--- START ---

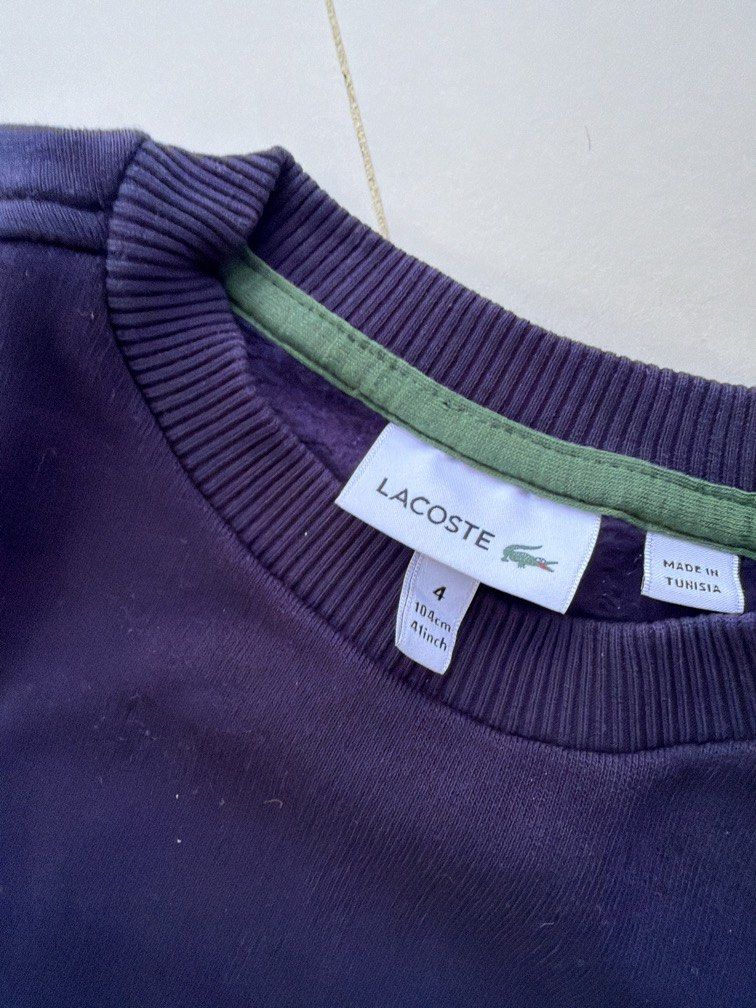 Lacoste Kids Sweater 4Y (Category: Babies & Kids Fashion) located in Tagbilaran City. Submitted by lovedbysjc330 (Listing ID 1459980826, Image 2). Description: .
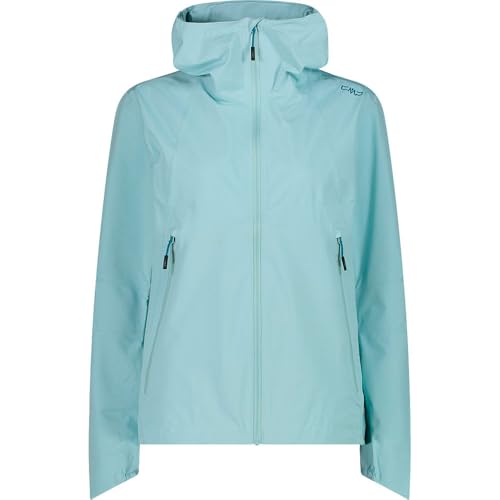 CMP - Damen 2-Lagen Jacke mit fester Kapuze, Acqua, 50 CMP - Damen 2-Lagen Jacke mit fester Kapuze, Acqua, 50 von CMP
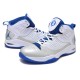 chaussures jordan fly wade bleu gris blanc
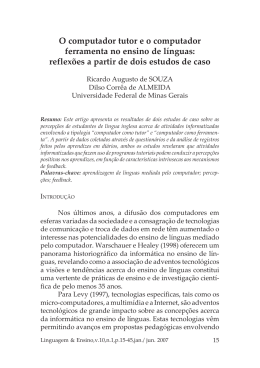 Baixar este arquivo PDF - Revista Linguagem & Ensino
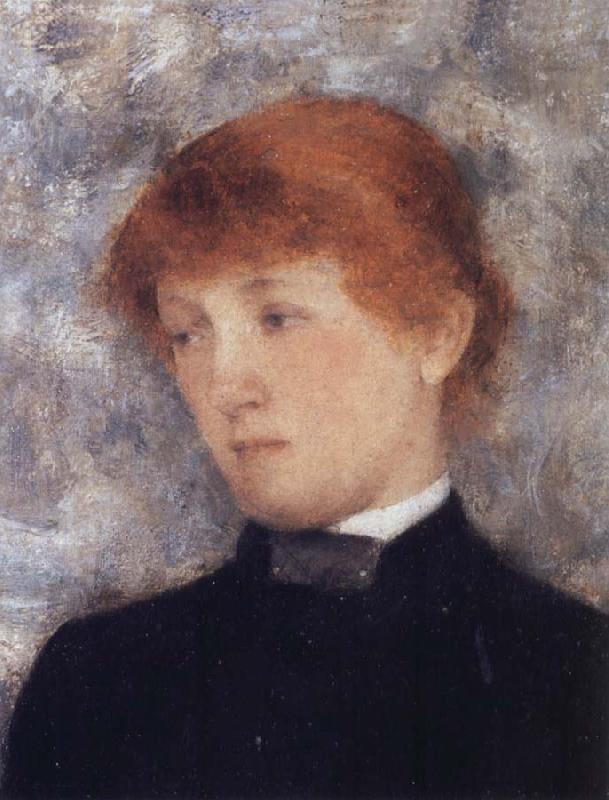 Fernand Khnopff Portrait of A Woman oil painting image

--- END ---

> _Activity_
Images must not appear in the copy; reproduce everything else in the records verbatim.

> _Written answer_
 Lacoste Kids Sweater 4Y (Category: Babies & Kids Fashion) located in Tagbilaran City. Submitted by lovedbysjc330 (Listing ID 1459980826, Image 2). Description: .
 CMP - Damen 2-Lagen Jacke mit fester Kapuze, Acqua, 50 CMP - Damen 2-Lagen Jacke mit fester Kapuze, Acqua, 50 von CMP
 chaussures jordan fly wade bleu gris blanc
 Baixar este arquivo PDF - Revista Linguagem & Ensino
 Fernand Khnopff Portrait of A Woman oil painting image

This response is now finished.